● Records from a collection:
----
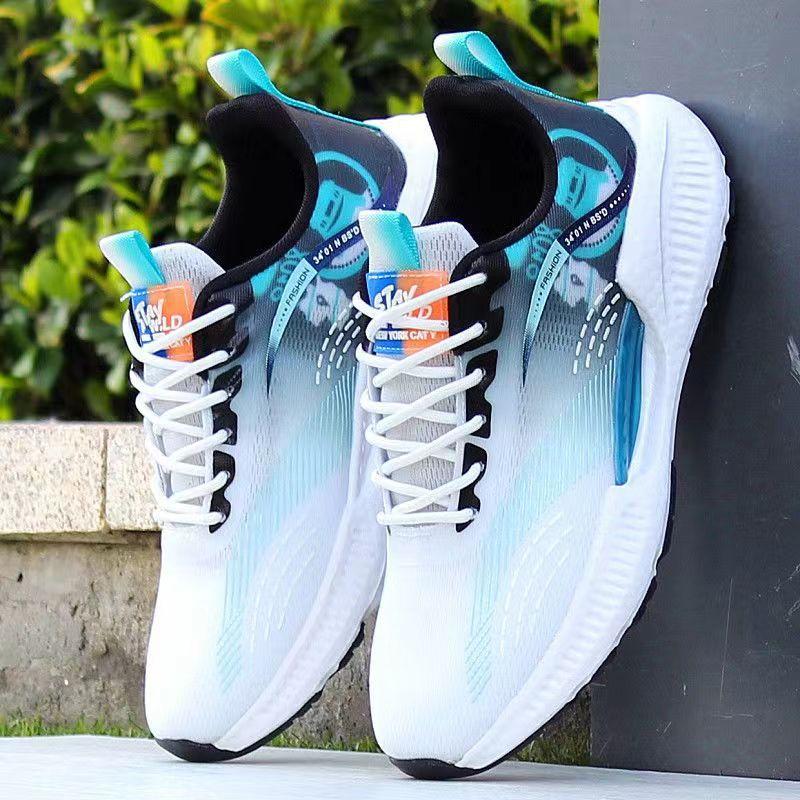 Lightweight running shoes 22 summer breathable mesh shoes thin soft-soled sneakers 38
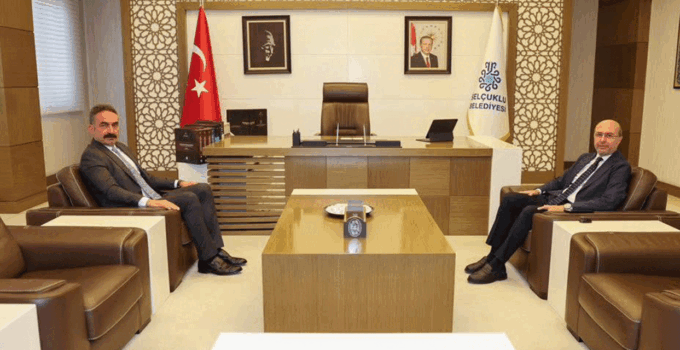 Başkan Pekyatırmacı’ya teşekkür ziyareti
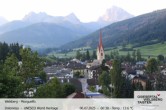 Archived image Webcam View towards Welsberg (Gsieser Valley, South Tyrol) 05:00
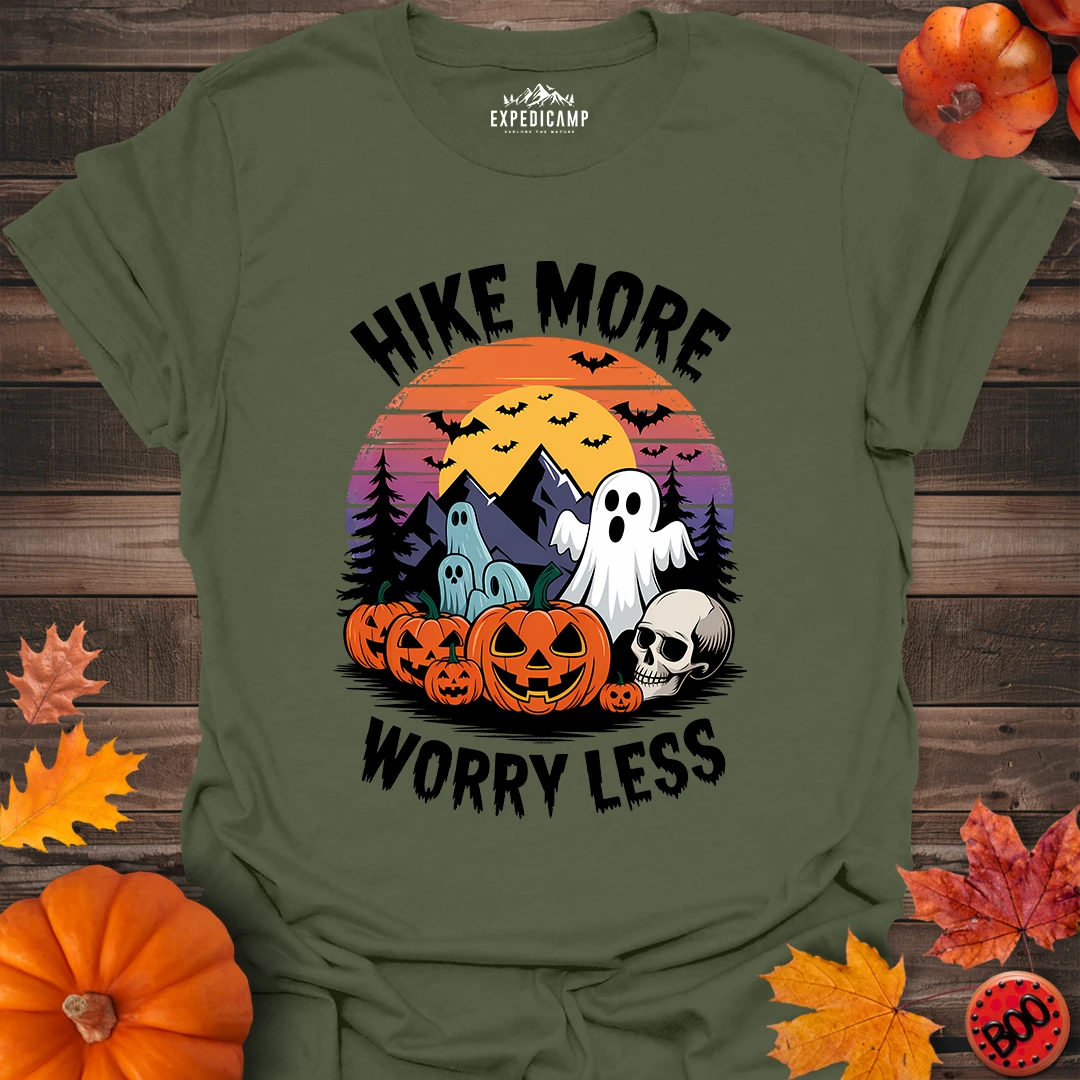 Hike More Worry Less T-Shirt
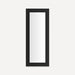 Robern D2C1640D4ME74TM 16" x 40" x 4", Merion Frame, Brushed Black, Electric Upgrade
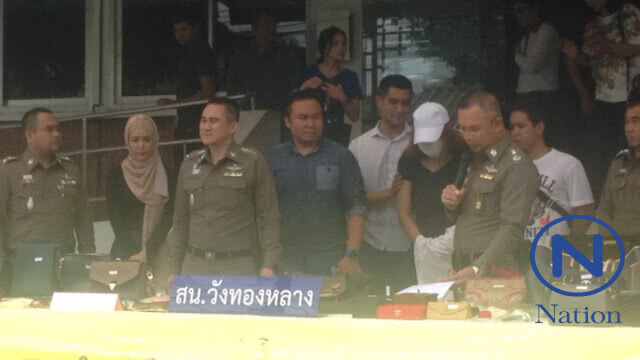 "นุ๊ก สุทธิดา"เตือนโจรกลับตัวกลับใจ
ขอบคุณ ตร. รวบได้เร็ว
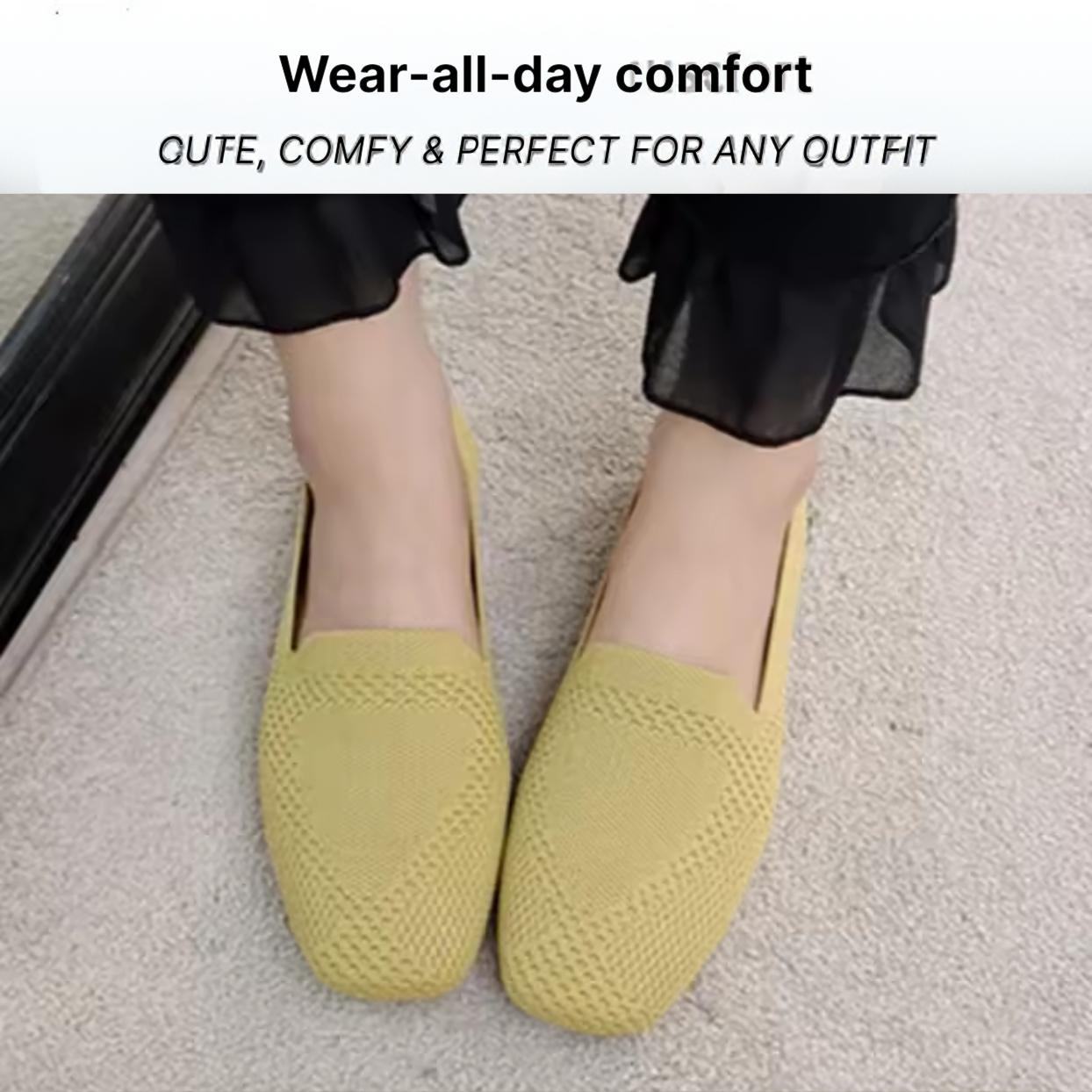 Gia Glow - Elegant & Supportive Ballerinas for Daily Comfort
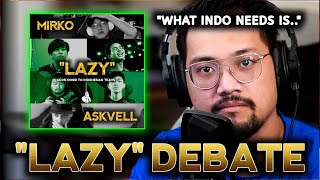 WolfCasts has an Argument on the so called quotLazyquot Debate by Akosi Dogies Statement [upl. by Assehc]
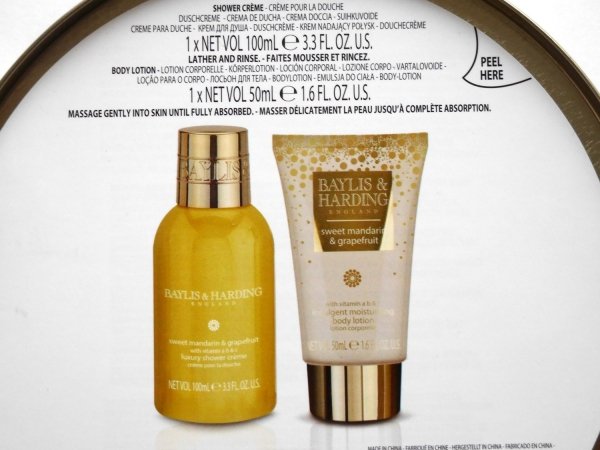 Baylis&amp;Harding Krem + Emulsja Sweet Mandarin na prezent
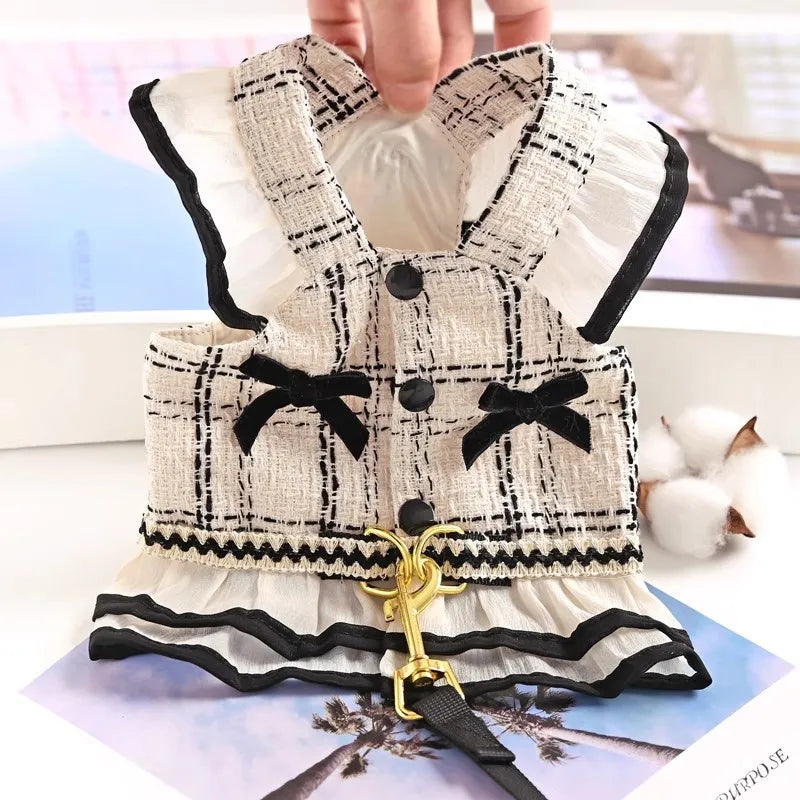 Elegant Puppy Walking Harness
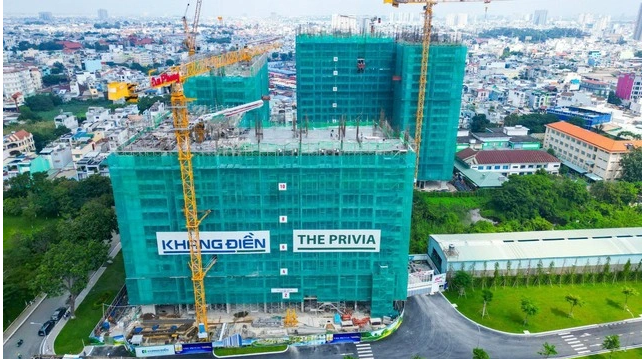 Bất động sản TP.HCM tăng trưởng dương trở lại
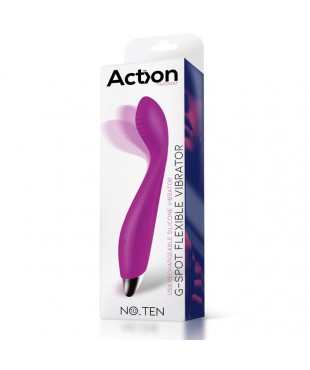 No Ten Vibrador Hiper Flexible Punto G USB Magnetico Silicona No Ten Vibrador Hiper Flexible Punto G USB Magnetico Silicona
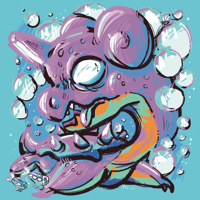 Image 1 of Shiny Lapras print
----
● Assigned task: Your output is the lines from the top of the entries through the line containing "WolfCasts has an", exactly as they stand. No pictures belong in it.

● Task result:
 Lightweight running shoes 22 summer breathable mesh shoes thin soft-soled sneakers 38
 Başkan Pekyatırmacı’ya teşekkür ziyareti
 Archived image Webcam View towards Welsberg (Gsieser Valley, South Tyrol) 05:00
 Hike More Worry Less T-Shirt
 Robern D2C1640D4ME74TM 16" x 40" x 4", Merion Frame, Brushed Black, Electric Upgrade
 "นุ๊ก สุทธิดา"เตือนโจรกลับตัวกลับใจ
ขอบคุณ ตร. รวบได้เร็ว
 Gia Glow - Elegant & Supportive Ballerinas for Daily Comfort
 WolfCasts has an Argument on the so called quotLazyquot Debate by Akosi Dogies Statement [upl. by Assehc]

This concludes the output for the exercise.